Friday, March 24, 2006

250,000 liters

I taught one of my favorite lessons today. I gave each group of kids two metersticks, a box of markers, and a piece of chart paper, and they had to measure/estimate the volume of the classroom in liters. We pretended that the classroom is a perfect rectangular prism without any furniture or weird ventilation shafts projecting into the space. I started them off by going over the calculations necessary to show that a cubic meter would contain 1000 liters. I showed them roughly how big a cubic meter would be by holding up three meter sticks touching at the corners. I went over the assignment and provided a few hints and ground rules...

No standing on furniture, and no jousting with the meter sticks, or you sit out the rest of the period.

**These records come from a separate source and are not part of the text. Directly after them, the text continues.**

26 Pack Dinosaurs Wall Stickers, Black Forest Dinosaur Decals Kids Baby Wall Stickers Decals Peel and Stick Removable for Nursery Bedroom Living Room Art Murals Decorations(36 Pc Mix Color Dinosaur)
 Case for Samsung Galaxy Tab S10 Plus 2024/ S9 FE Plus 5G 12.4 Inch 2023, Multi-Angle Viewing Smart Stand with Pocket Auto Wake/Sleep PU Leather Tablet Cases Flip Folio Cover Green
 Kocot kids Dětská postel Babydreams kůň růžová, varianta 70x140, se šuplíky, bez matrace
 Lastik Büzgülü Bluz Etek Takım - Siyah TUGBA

Ms. Frizzle, what does 'jousting' mean?

And then as they lined up to leave the classroom at the end of the period, a discussion began about whether we could really seal off the classroom and fill it with soda. I pointed out that if I had the money to afford that much soda, I'd buy a nicer apartment and take more vacations, and anyway, the custodians wouldn't really appreciate it. The kids suggested that we could put tape around the door and just pour the water in (through the ceiling? I asked). And then one boy at the back of a line started doing a little swimming dance straight out of some undersea mermaid cartoon.

The last time I did this lesson, the kids took nearly two full periods and were still rushed, and their answers varied from about 100,000 L to almost 1,000,000 L. It speaks to the incredible-ness of this year's sixth graders that most groups had an answer before the end of the class period, and that nearly all their answers were between 200,000 and 300,000 L, despite much leeway in their methods for estimating the height of the classroom. One or two groups were off by a power of ten, but they quickly realized their mistake when I went through their math with them.

And after school, another teacher said that the seventh graders must be liking whatever it is we're doing in Science (the seventh graders? Really?). Apparently, during PE class, one of the girls claimed/joked that her shot did not go into the hoop due to the Coriolis effect. Awesome. Anything to create really geeky kids who will over-apply science concepts to explain away their lack of athletic prowess!

Teaching is fantastic. I could not be more in love with my job.

And I hate my job, and had an awful day, and am seriously considering leaving. My interactions with a few of my colleagues are really tumultuous right now - and I'm not generally a tumultuous person - and it's not always their fault. Today it was mine. I don't want to go into it any deeper; it just upsets me because I am not always the person I want to be, and occasionally far from it.

It's weird how things can be so good and so bad at the same time, how I can feel like I've contributed to creating the most amazing school, and how I can feel like I want to escape so badly, how I can yearn for leadership and recognition and to make a bigger difference on the one hand, and long to be allowed to just teach on the other.

Do you ever stop growing up and feel like you've figured things out? (And would that even be a good thing?)

12 Comments:

Blogger "Ms. Cornelius" said...

Listen, take a deep breath. DEEEEEEEEEEEEEEper.

We all have days like that.

There were times when I considered 90% of the guys I teach with to be complete and total moronic juvenile delinquents. Then, when my dad was dying, they contributed lesson plans and checked the room and sent flowers and offered to grade my tests and sent me home when I was feeling scared.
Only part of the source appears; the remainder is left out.